Die Schwulen und die Deutsche Wiedervereinigung

Bildquelle: Flickr.com-User Percy | CC BY-NC-SA 2.0
Vielen ist es gestern einmal wieder wie Schuppen von den Augen gefallen, als sie daran erinnert wurden, dass heute ja die Läden geschlossen haben – an diesem Samstag, den 3. Oktober 2009, ist der Tag der Deutschen Einheit. Zum 19. Mal jährt sich in diesem Jahr die Wiedervereinigung der beiden deutschen Staaten, bei der die DDR formell der Bundesrepublik beitrat. Die Hauptfeierlichkeiten finden dieses Jahr im Saarland statt, und in Berlin gibt es eine große Festmeile am Brandenburger Tor. Doch was bedeutete die Wiedervereinigung Deutschlands für die Schwulen?

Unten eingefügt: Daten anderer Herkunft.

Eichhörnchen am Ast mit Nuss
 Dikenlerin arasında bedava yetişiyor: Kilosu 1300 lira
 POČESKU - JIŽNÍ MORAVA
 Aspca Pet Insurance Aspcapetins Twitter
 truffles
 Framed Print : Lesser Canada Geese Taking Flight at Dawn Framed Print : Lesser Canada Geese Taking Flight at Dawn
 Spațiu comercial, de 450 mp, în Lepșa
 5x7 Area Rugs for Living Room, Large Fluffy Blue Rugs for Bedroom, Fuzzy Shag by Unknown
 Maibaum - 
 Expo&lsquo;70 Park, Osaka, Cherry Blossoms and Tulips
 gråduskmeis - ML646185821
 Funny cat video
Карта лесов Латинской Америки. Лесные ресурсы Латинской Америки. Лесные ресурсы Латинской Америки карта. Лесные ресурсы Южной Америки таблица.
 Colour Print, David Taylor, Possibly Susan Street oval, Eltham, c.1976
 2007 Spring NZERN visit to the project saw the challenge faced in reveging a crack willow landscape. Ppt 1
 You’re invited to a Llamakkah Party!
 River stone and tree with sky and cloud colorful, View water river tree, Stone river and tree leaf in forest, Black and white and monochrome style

Sowohl in der Bundesrepublik als auch in der DDR wurden Schwule durch den §175 des Strafgesetzbuches (StGB) verfolgt. Homosexuelle Handlungen waren danach strafbar. In der BRD wurden so über 50.000 Männer verurteilt. Im Lauf der Jahrzehnte wurde dieser Paragraph, der noch aus der Zeit des Nationalsozialismus stammte und in beiden Staaten unverändert übernommen wurde, jedoch langsam entschärft. Zunächst wurde das sog. “Schutzalter” von 21 Jahren eingeführt (BRD: 1969/DDR: 1957). So war gleichgeschlechtlicher Sex nur unter 21 strafbar. 1968 (DDR) bzw. 1973 (BRD) wurde dieses Schutzalter dann auf 18 Jahre abgesenkt.
Da die DDR-Regierung ihre Sondergesetzgebung gegenüber Homosexuellen 1989 ersatzlos strich, lag das Schutzalter in den neuen Bundesländern für Hetero- wie für Homosexuelle bei 14 Jahren. In der Bundesrepublik galt bis zur Angleichung der Gesetzgebung beider Staaten im Zuge der Wiedervereinigung und damit bis zur Abschaffung des §175 im Jahr 1994 weiterhin das Gesetz von 1973.
So kann man resümierend sagen, dass interessanterweise die DDR bei der Entschärfung der Diskriminierungslage der Bundesrepublik immer einen Schritt voraus war. Und es erscheint im Nachhinein erschreckend, dass die gesetzliche Verfolgung von Homosexuellen zumindest in den alten Bundesländern über die Wiedervereinigung hinaus, nämlich bis 1994, andauerte. Nach der Internierung und Ermordung von Homosexuellen in der NS-Zeit dauerte es also beinahe 50 Jahre, bis die Diskriminierung und Verfolgung von Schwulen in ganz Deutschland beendet war. Und ohne die gesellschaftlichen Umbrüche durch die Deutsche Einheit hätte es vielleicht noch länger gedauert.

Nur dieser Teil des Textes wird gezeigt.